While idly looking at cricket scores on the BBC website earlier today I came across a link to this recent 5 minute 'BBC sounds' podcast on the occasion of the 50th anniversary of D&D. This took me down a rabbit hole, in which some quick Google searches dug up other brief BBC coverage of D&D down the ages; here are two fun examples (the first of which because it features Ian Livingstone, Steve Jackson, Joe Dever and other luminaries of the early British D&D/Warhammer scene, the latter of which because it features Gary Gygax):



I was intrigued by what these efforts all fail to achieve, more than what they actually show. The BBC Sounds' 2024 piece (I don't know if it is accessible outside of the UK) is chiefly revealing of contemporary anxieties, focusing almost entirely on the fact that the audience for D&D has increasingly become more diverse, but that there is still 'more to be done'. The first of the two videos (from 1983), on the other hand, is more like an exercise in anthropology; one could imagine an identical approach and tone being adopted in a National Geographic documentary shot on the Sentinel Islands. The second of the two videos, meanwhile, simply gives the opportunity for Gygax to expound, in between some short segments at a gaming convention in London, in the manner of an academic at a tutorial in an Oxbridge college. None of them comes close to explaining what D&D actually is, or takes any time to document what happens in a typical session. If one were a layperson, one would be absolutely none the wiser. The only continuity between them is a certain wryness on the part of the documentarian, and a sense that some terribly nerdy people are doing something kooky.

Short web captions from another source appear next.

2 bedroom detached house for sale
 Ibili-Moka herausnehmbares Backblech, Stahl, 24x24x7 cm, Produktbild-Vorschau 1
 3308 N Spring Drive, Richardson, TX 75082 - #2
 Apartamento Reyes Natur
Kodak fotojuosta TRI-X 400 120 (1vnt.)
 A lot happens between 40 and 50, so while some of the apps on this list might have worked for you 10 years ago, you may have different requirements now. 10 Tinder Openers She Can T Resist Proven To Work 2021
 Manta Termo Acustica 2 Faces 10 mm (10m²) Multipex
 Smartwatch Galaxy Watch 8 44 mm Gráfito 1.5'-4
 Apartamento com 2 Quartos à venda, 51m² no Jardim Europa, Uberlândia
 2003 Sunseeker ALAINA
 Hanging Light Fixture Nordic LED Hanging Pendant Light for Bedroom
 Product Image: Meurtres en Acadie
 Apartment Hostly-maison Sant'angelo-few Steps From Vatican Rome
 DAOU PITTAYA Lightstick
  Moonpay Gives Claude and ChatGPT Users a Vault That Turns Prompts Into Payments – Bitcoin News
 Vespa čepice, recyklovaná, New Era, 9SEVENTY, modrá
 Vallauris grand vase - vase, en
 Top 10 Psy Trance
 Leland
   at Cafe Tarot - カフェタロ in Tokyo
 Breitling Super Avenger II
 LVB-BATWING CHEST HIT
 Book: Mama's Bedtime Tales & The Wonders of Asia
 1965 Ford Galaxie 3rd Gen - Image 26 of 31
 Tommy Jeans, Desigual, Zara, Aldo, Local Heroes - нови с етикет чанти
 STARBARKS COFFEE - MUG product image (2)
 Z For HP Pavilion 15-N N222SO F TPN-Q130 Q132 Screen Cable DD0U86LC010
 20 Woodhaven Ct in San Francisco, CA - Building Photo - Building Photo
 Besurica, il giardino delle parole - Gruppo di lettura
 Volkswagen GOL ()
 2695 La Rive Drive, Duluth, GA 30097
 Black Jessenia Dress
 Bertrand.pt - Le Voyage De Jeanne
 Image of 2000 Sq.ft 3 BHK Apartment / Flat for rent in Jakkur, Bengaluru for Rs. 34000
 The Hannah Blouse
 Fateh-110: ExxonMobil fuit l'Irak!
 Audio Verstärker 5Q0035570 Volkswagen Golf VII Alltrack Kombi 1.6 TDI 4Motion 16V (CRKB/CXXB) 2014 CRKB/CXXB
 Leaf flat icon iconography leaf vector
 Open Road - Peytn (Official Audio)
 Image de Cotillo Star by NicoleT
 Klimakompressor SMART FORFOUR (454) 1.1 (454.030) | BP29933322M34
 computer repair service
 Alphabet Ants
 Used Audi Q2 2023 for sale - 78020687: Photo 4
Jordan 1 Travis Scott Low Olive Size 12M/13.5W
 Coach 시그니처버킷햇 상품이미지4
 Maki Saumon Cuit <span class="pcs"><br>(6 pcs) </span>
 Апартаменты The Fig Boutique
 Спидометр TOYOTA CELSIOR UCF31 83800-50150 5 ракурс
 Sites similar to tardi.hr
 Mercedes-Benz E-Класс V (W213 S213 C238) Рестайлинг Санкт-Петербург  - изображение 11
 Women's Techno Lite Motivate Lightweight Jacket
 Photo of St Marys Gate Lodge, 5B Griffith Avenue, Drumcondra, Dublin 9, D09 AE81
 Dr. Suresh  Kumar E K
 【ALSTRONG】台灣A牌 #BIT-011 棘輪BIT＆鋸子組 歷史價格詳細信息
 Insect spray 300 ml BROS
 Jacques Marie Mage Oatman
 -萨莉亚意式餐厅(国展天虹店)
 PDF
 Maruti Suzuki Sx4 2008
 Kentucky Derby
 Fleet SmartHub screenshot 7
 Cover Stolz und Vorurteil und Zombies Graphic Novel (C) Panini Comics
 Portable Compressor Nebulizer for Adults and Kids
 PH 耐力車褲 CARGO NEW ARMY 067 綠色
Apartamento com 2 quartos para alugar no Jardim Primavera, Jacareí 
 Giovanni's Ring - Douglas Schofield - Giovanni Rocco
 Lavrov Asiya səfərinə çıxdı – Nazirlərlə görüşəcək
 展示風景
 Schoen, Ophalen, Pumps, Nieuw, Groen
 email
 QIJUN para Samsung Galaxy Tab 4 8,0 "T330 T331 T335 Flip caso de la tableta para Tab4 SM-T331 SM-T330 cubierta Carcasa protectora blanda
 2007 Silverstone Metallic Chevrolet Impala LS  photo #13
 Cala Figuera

That's fine, of course; it's probably pretty accurate. But I do find it interesting that 'normies' find it so difficult to process the nuts and bolts of a D&D game. There are likely two reasons for this. On the one hand I think it is probably the case that D&D enthusiasts are not always very clear, or consistent, in what they think the hobby is all about. Some of the people being interviewed in the various clips seem to be describing communal storytelling; others (like Gygax himself) emphasise how it is all about worldbuilding; others suggest it is about exploring oneself; still others that it is 'like a board game' that goes on inside the participants' heads. On the other hand, when faced with something that is a bit difficult to initially conceptualise, it is human nature to default to the assumption that it is basically and irredeemably incomprehensible and weird - there is clearly a bit of that going on in the heads of the producers of all three clips.

All of this I suppose reinforces, obliquely, what it is that makes D&D so successful, 50 years on. It defies easy summary; it is protean. No two groups play even the same edition of the game the same way, let alone its different variants, and this malleability (what Ron Edwards would have labelled its 'incoherence') is clearly its strongest selling point as a role playing game. Some time ago, I heard the advertising executive Rory Sutherland comment that the reason why McDonald's was more successful than KFC was that not everybody always wants to eat fried chicken, but there's something on a McDonald's menu to provide a mediocre meal for any palate on almost any occasion. Its comparative lack of definition is in fact its great virtue. There is definitely something similar at work in the enduring appeal of D&D.